## Assignment
Would you give back exactly the lines from the line with "Super Cute Pomeranian" through the end of the entries below, both included, but none of the pictures?

Caption-style text data
################

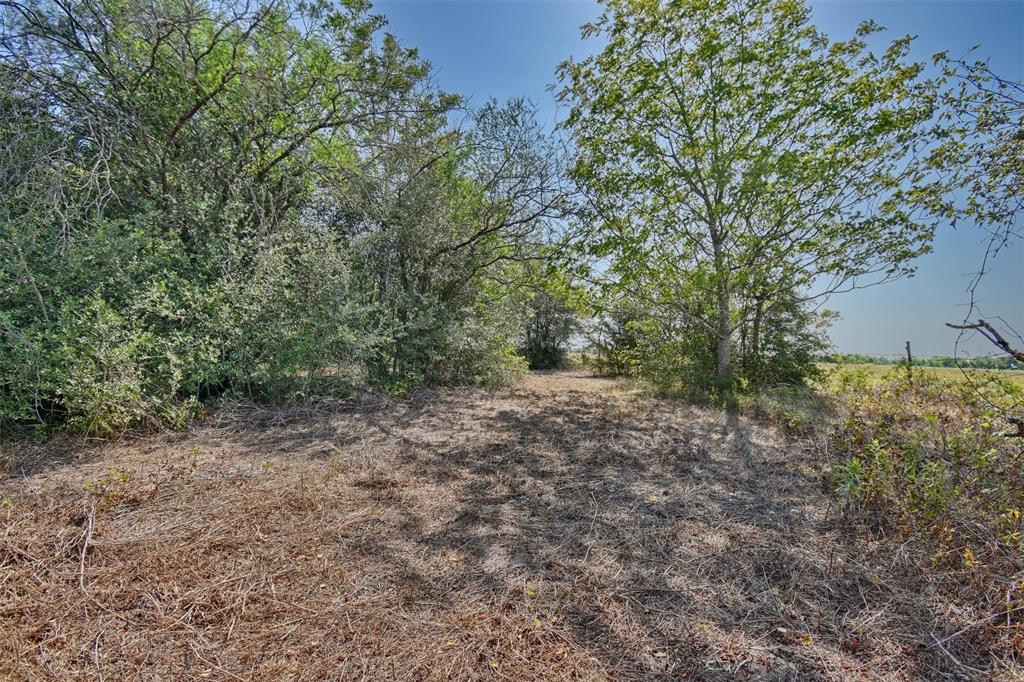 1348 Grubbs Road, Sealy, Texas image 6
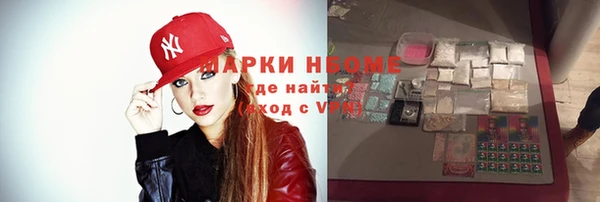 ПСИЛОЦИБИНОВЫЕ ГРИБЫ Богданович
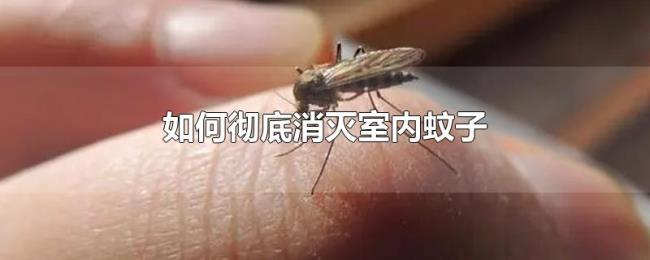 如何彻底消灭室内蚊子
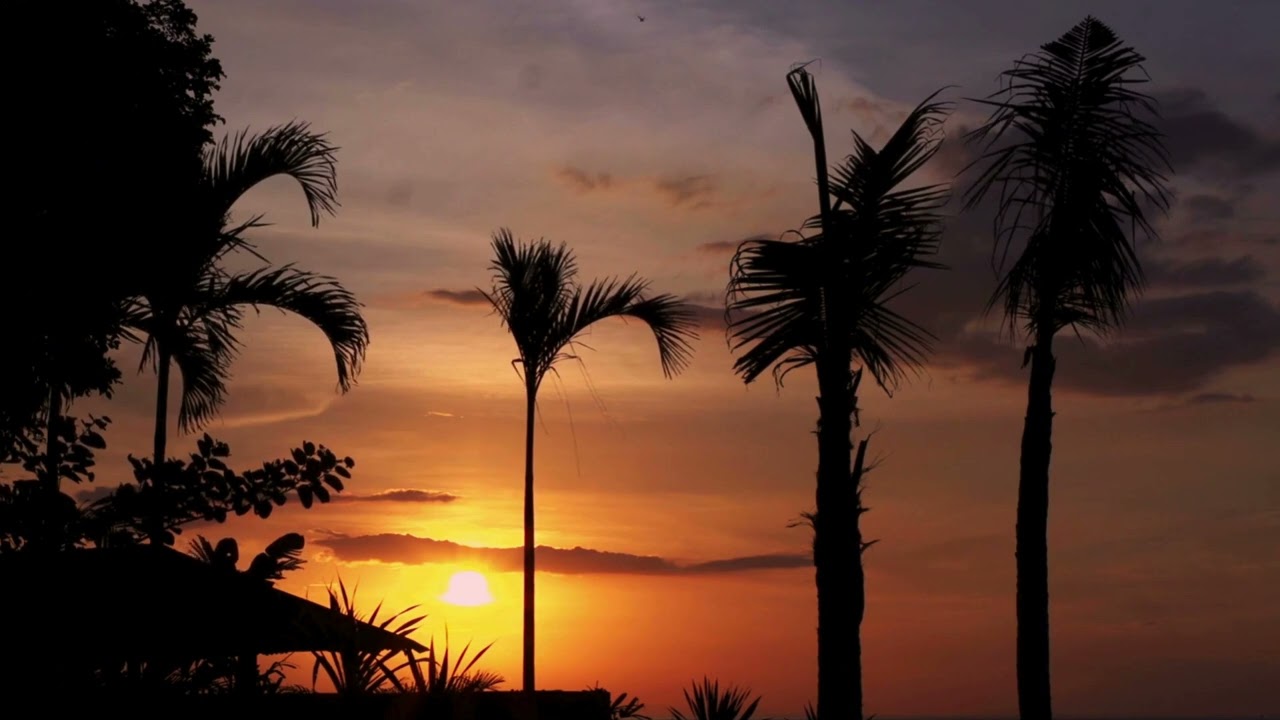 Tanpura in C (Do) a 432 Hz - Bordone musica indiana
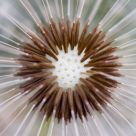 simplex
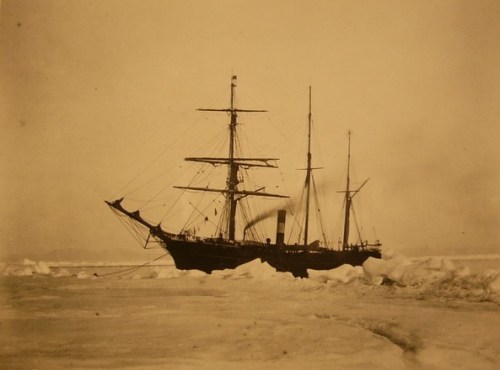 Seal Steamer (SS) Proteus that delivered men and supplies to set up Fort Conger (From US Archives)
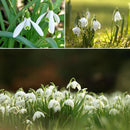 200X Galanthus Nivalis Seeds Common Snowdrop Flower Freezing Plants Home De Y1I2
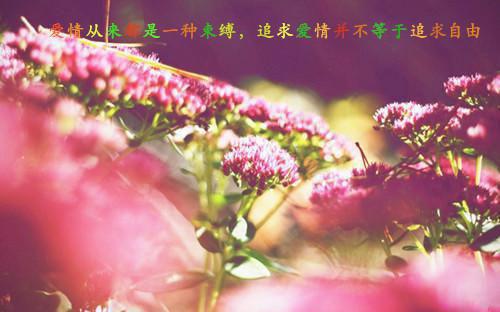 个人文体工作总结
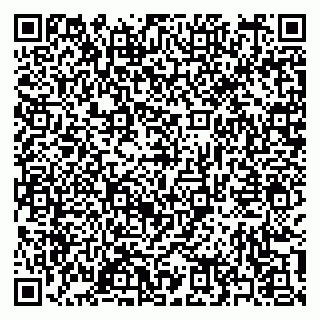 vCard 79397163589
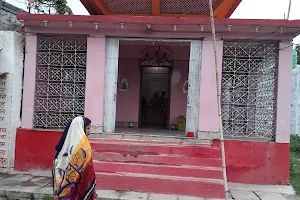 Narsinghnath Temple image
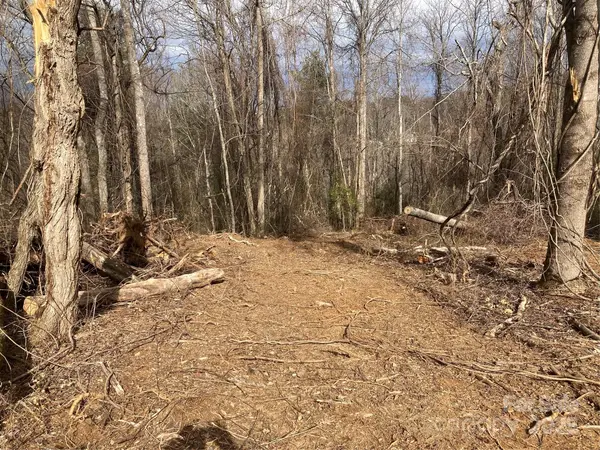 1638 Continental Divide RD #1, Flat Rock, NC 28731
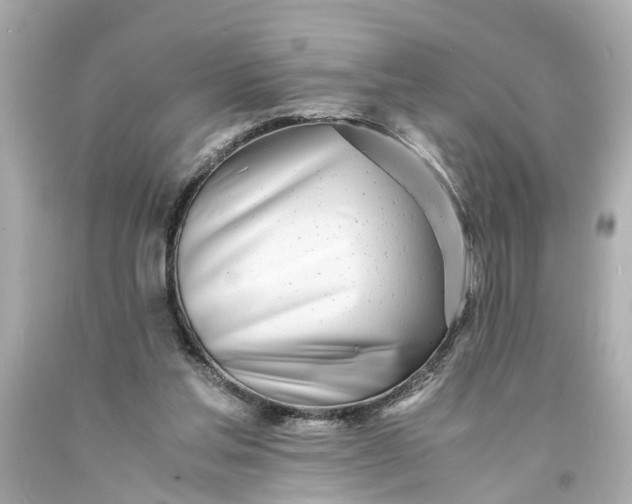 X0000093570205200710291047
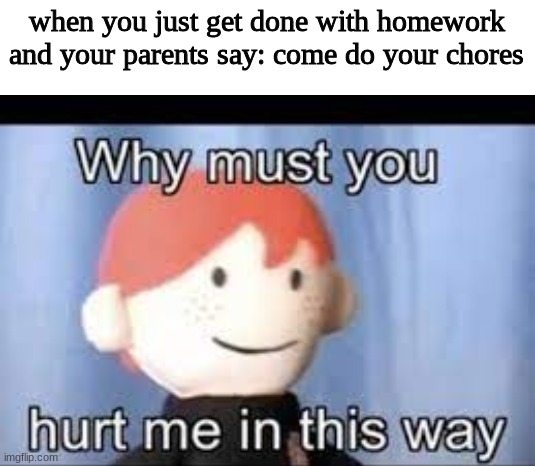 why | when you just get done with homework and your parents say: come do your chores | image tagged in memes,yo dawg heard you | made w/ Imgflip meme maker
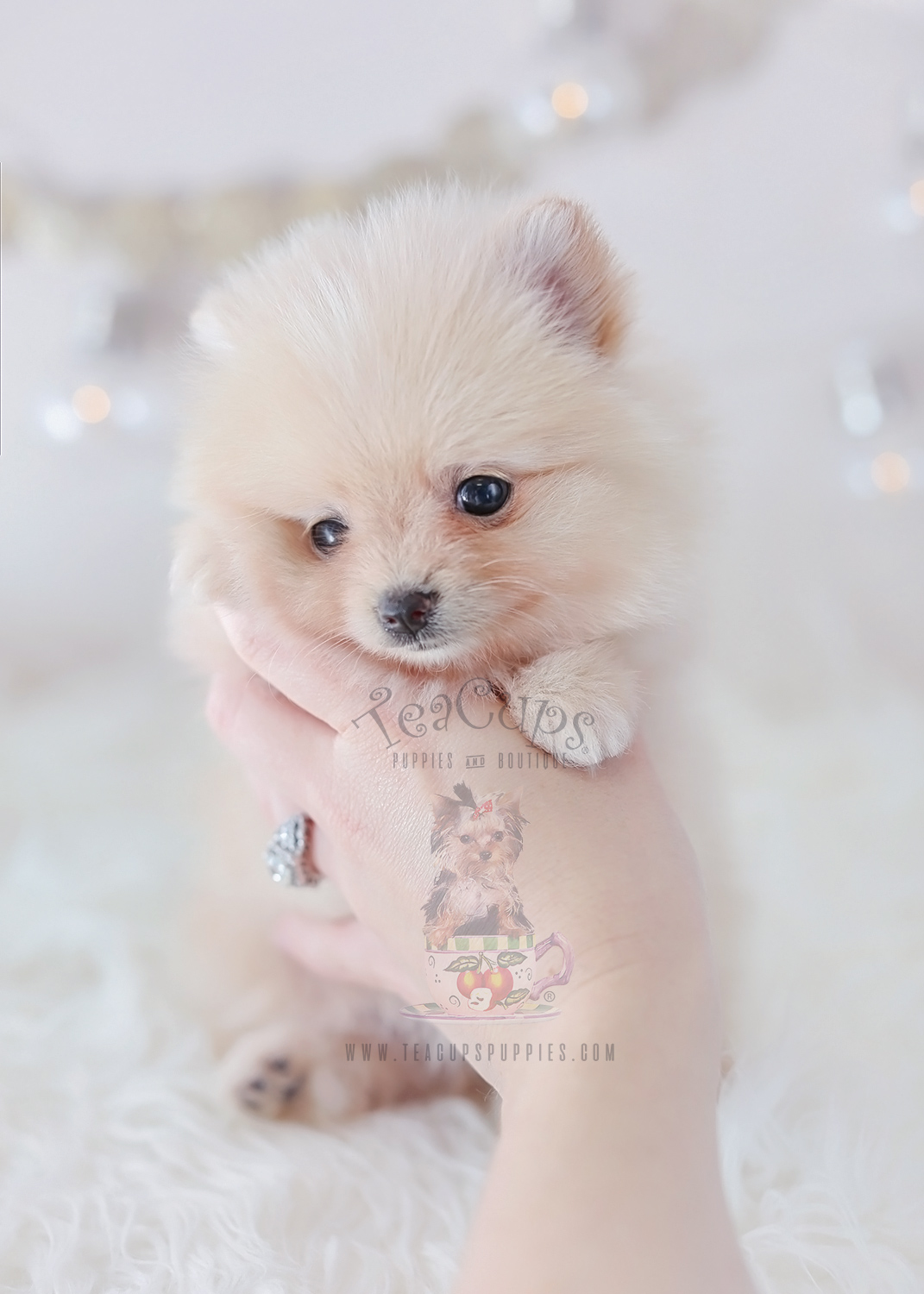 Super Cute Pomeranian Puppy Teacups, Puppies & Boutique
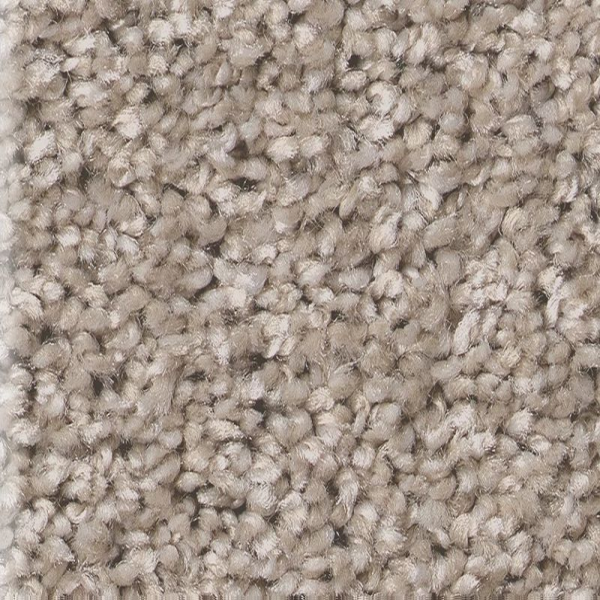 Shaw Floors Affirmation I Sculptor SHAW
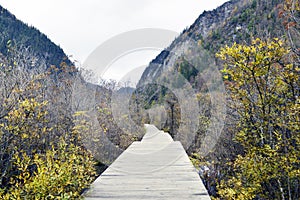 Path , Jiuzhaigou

################

## Answer to this exercise
 Super Cute Pomeranian Puppy Teacups, Puppies & Boutique
 Shaw Floors Affirmation I Sculptor SHAW
 Path , Jiuzhaigou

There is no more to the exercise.